**What to do:** Your answer consists of the lines in the data that contain "Gold". Copy each of them.

**Entries supplied:**
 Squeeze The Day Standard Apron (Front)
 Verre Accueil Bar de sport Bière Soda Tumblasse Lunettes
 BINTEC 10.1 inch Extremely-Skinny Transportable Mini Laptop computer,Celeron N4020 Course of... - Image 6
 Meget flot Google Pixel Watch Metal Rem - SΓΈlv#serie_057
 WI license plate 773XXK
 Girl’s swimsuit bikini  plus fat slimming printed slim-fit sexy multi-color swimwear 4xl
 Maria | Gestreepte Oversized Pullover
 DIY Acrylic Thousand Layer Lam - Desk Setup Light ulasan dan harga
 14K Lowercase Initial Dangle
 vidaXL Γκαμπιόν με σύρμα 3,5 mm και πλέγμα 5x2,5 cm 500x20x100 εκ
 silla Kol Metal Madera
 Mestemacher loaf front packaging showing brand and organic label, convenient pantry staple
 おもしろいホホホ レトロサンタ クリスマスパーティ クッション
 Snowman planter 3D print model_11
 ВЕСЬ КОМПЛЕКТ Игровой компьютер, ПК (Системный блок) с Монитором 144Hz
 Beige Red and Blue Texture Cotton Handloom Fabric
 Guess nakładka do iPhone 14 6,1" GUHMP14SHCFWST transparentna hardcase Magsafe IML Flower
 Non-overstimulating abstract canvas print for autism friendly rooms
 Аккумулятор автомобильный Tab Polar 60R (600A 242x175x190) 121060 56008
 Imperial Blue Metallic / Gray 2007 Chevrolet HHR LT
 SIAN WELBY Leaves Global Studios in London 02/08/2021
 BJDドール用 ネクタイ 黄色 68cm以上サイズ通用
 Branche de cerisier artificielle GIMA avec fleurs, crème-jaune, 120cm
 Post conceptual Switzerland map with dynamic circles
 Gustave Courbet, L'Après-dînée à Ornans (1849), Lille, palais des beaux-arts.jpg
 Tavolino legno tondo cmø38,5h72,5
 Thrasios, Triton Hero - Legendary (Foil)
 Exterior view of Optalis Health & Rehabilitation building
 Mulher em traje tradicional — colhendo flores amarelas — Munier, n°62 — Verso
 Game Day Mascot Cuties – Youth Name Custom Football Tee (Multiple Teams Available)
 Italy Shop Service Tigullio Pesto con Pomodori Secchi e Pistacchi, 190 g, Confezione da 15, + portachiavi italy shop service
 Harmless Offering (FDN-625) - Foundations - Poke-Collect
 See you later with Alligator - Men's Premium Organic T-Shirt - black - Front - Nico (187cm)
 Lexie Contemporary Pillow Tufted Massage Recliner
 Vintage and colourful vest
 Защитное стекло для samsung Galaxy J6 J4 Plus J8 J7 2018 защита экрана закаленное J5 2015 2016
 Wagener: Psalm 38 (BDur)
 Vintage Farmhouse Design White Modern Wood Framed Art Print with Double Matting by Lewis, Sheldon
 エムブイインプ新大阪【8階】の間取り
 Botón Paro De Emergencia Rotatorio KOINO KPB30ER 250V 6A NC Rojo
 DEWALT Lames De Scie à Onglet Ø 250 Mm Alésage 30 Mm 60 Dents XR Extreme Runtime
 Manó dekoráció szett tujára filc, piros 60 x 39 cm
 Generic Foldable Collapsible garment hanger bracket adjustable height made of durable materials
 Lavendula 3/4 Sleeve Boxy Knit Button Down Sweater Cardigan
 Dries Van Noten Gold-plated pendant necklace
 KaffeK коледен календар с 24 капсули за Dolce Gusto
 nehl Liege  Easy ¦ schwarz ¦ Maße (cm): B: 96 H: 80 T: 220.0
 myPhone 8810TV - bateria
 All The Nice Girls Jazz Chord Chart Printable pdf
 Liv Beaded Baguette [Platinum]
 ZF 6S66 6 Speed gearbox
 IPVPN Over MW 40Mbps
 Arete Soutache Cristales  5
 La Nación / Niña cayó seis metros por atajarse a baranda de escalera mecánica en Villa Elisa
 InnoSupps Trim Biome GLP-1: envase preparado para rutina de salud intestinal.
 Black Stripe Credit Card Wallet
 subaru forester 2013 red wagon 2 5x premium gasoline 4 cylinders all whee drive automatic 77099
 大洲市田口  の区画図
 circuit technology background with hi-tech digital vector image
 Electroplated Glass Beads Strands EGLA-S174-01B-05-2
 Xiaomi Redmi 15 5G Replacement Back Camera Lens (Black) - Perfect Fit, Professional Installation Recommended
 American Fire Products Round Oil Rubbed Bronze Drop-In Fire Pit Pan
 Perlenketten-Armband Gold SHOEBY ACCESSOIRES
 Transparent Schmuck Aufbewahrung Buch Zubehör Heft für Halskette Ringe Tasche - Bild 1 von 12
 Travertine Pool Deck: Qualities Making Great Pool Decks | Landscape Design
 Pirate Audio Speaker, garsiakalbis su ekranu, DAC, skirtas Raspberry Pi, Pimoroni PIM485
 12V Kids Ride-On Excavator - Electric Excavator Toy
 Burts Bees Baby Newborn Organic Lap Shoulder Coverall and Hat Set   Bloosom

**Answer for this exercise:**
 Dries Van Noten Gold-plated pendant necklace
 Perlenketten-Armband Gold SHOEBY ACCESSOIRES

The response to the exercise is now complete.